ACTIVITY> From the records below, copy out exactly the lines from the one containing "Long-legged Buzzard, Flight" to the one containing "One bedroom apartment", both included. Add nothing else.

╭─ RECORDED DATA

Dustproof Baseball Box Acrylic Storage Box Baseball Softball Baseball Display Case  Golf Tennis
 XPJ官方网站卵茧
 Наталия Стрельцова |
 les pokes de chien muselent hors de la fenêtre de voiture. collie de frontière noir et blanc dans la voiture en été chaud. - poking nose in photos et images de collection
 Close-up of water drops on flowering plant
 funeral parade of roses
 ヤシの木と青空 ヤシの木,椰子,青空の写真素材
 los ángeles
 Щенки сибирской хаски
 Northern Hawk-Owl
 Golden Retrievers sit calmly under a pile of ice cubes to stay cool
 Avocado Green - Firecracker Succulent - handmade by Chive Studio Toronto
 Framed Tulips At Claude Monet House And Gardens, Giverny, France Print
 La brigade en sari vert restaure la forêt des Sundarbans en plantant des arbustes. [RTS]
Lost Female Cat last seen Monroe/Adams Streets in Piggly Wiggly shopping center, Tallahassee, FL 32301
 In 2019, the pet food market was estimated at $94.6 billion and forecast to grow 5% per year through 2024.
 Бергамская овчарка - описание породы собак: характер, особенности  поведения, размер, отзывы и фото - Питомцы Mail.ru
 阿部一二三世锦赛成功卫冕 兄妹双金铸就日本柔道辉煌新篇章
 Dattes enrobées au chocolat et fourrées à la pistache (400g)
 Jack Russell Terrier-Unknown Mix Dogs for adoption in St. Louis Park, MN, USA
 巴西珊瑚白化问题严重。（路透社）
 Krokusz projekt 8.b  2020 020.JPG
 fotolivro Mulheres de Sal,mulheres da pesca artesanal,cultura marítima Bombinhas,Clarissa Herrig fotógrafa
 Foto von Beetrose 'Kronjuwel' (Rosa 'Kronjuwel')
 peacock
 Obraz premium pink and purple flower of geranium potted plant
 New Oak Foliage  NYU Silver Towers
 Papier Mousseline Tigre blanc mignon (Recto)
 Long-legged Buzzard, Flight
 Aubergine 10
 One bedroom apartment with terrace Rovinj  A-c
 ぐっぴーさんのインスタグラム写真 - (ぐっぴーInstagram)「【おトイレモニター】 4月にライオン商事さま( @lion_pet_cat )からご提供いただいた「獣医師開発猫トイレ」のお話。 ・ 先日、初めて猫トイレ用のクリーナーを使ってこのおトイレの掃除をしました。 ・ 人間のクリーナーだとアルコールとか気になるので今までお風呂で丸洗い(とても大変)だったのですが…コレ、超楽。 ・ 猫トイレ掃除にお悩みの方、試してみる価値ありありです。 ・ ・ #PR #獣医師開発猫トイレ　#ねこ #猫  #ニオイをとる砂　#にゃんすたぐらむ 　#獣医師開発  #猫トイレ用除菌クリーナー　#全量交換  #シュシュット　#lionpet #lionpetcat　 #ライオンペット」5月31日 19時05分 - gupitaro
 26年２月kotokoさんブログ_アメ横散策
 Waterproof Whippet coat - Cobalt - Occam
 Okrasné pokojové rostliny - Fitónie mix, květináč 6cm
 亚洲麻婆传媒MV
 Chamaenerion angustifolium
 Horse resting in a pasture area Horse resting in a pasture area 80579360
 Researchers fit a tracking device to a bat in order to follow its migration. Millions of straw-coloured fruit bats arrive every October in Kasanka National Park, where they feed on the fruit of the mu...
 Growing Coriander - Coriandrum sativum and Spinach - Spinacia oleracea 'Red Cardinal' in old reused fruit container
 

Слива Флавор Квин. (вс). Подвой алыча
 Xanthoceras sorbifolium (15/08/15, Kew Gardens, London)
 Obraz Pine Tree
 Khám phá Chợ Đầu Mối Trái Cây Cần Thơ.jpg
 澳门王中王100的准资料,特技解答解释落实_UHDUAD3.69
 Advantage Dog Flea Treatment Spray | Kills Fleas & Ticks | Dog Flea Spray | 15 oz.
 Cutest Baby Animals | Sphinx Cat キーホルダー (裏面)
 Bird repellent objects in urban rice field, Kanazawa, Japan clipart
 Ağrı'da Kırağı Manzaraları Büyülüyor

╰─

TASK SOLUTION>
 Long-legged Buzzard, Flight
 Aubergine 10
 One bedroom apartment with terrace Rovinj  A-c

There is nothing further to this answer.